• [Problem to work on]
The lines from the top of the records below through the one containing "Áo Khoác Dù Hình Gấu Tay Sọc - Kim" are to be transcribed exactly, and nothing else is to be added.

|---|

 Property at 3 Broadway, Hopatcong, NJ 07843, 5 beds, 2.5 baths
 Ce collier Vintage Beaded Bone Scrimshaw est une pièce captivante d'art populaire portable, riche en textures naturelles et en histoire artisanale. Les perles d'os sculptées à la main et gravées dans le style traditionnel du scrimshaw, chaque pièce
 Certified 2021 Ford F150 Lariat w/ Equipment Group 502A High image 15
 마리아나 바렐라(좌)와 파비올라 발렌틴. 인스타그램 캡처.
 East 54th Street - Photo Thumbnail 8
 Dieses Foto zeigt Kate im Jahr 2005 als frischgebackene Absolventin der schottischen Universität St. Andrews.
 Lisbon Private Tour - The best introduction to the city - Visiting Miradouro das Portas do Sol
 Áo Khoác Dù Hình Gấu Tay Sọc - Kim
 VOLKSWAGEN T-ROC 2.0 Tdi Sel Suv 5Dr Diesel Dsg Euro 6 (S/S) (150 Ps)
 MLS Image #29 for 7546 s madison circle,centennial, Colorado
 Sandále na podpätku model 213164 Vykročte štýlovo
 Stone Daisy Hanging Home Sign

|---|

• [Solution for this task]
 Property at 3 Broadway, Hopatcong, NJ 07843, 5 beds, 2.5 baths
 Ce collier Vintage Beaded Bone Scrimshaw est une pièce captivante d'art populaire portable, riche en textures naturelles et en histoire artisanale. Les perles d'os sculptées à la main et gravées dans le style traditionnel du scrimshaw, chaque pièce
 Certified 2021 Ford F150 Lariat w/ Equipment Group 502A High image 15
 마리아나 바렐라(좌)와 파비올라 발렌틴. 인스타그램 캡처.
 East 54th Street - Photo Thumbnail 8
 Dieses Foto zeigt Kate im Jahr 2005 als frischgebackene Absolventin der schottischen Universität St. Andrews.
 Lisbon Private Tour - The best introduction to the city - Visiting Miradouro das Portas do Sol
 Áo Khoác Dù Hình Gấu Tay Sọc - Kim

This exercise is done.